| Records for processing |
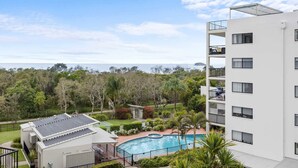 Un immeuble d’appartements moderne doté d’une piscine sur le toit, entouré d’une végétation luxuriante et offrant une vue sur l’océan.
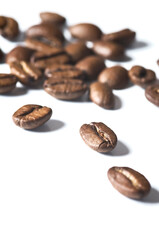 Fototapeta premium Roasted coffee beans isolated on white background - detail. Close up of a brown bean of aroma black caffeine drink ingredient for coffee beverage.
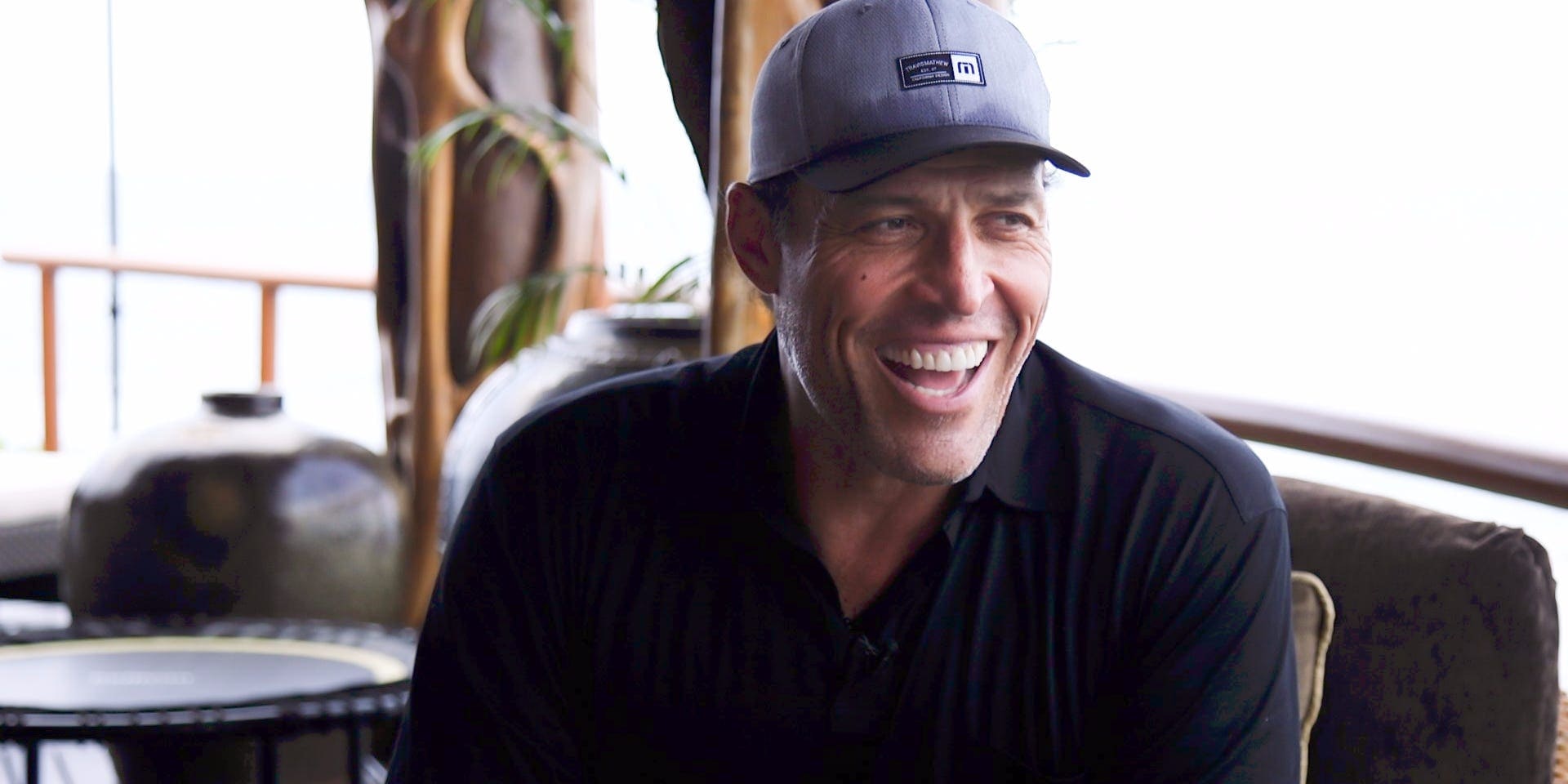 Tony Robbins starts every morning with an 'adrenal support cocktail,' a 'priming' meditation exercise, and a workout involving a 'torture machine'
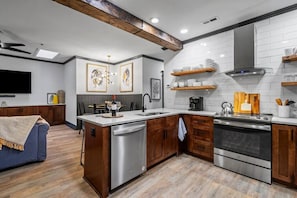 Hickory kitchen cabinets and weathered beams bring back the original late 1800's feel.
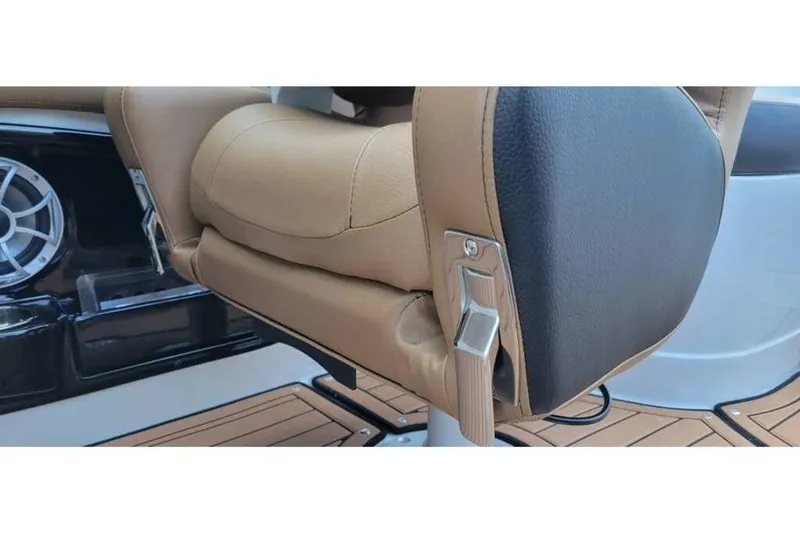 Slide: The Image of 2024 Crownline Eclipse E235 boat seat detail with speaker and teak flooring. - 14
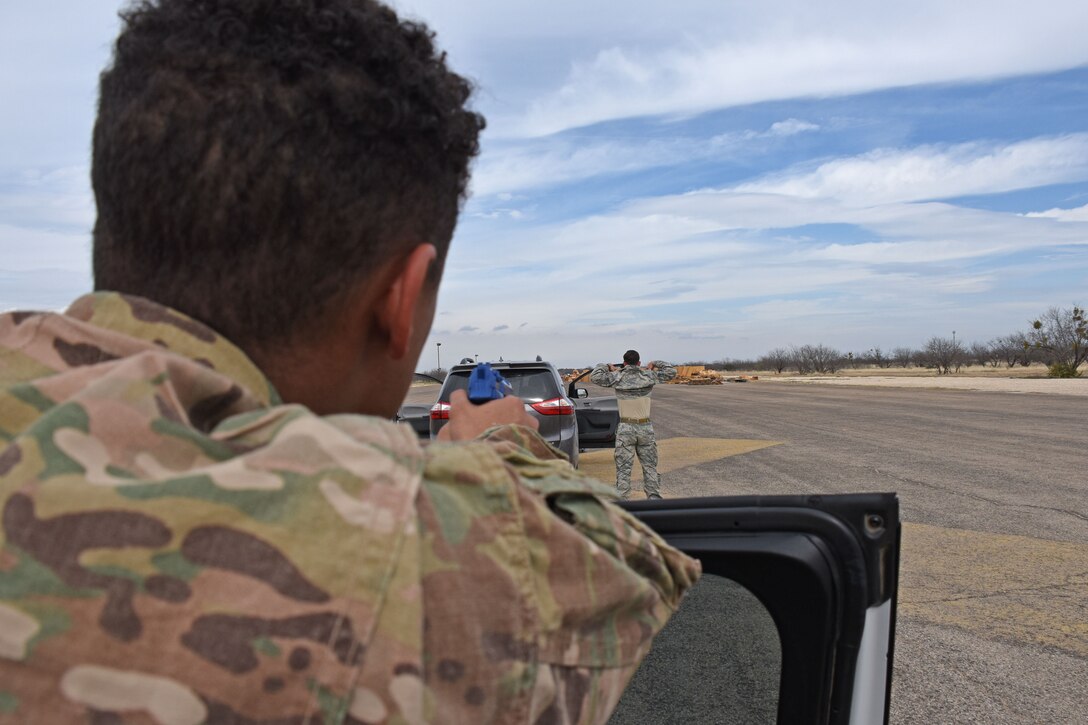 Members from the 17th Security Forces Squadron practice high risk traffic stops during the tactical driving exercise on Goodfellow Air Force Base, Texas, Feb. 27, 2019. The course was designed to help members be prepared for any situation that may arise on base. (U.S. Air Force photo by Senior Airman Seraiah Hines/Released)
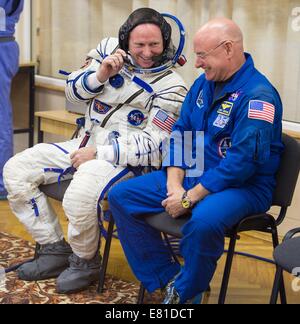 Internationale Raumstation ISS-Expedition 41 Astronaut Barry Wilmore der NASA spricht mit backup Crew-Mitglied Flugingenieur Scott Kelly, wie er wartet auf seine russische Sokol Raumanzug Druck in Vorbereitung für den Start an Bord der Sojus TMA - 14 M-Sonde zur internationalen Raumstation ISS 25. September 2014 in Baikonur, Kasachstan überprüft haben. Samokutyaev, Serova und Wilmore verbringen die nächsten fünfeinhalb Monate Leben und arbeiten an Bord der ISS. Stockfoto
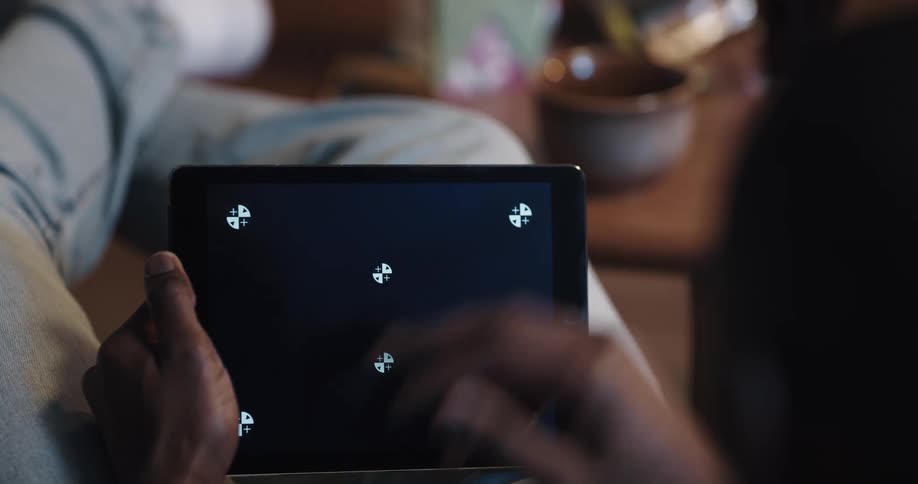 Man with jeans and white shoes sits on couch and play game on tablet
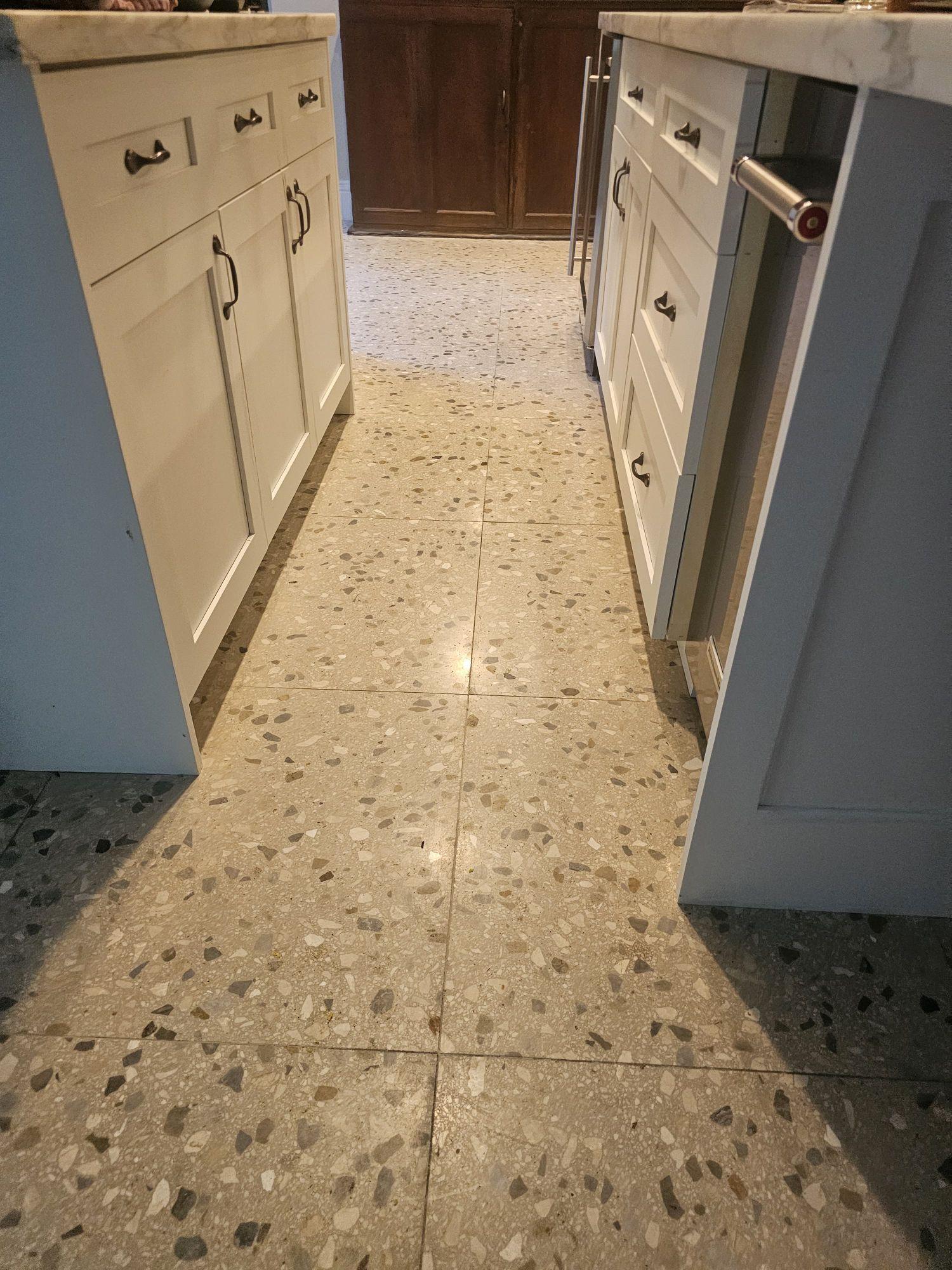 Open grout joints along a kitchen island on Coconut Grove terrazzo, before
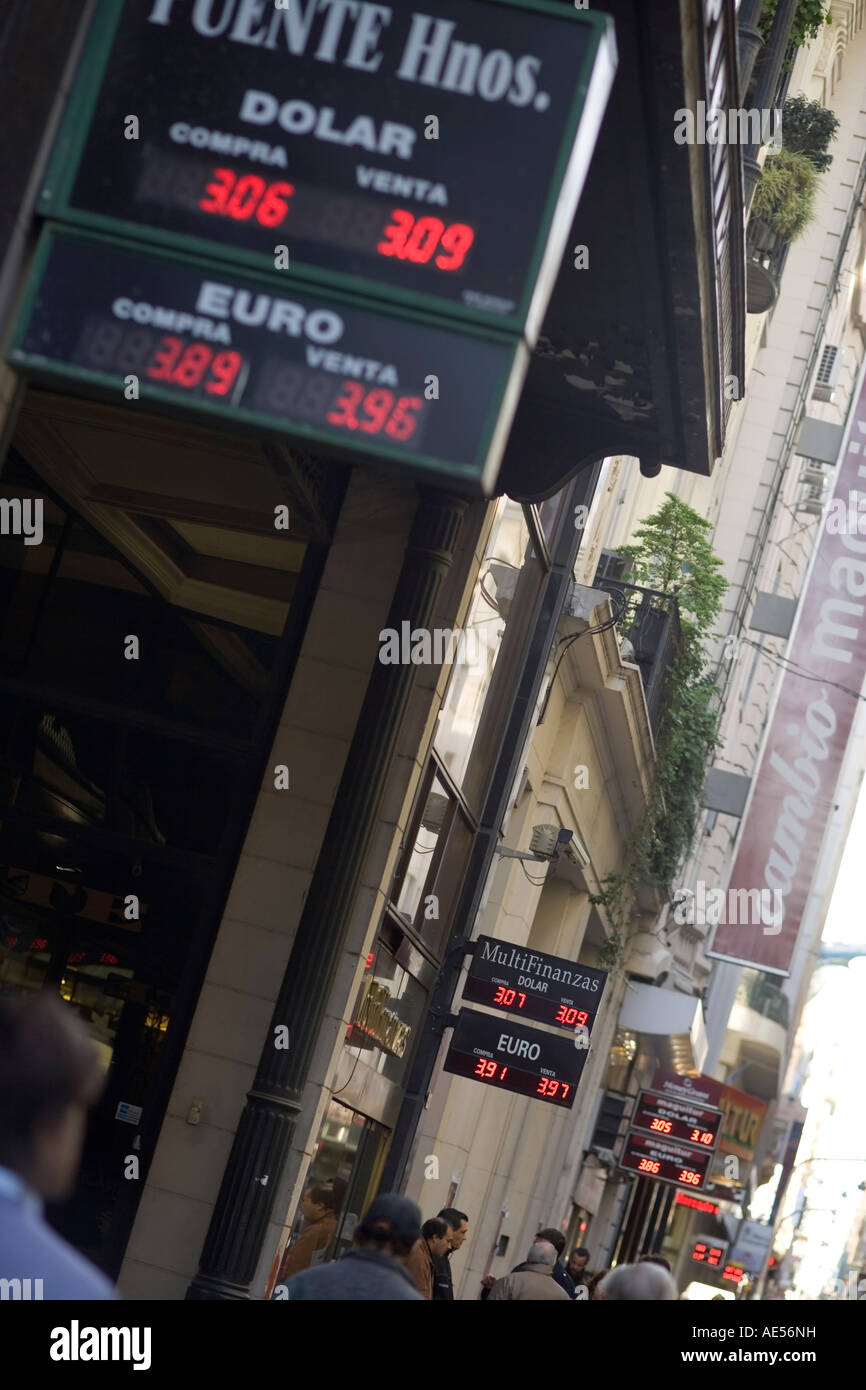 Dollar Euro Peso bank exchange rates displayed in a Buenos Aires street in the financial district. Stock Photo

| What is needed |
Pictures are to be left out while the lines from the beginning of the records through the line with "Tony Robbins starts" are copied word for word.

| Result below |
 Un immeuble d’appartements moderne doté d’une piscine sur le toit, entouré d’une végétation luxuriante et offrant une vue sur l’océan.
 Fototapeta premium Roasted coffee beans isolated on white background - detail. Close up of a brown bean of aroma black caffeine drink ingredient for coffee beverage.
 Tony Robbins starts every morning with an 'adrenal support cocktail,' a 'priming' meditation exercise, and a workout involving a 'torture machine'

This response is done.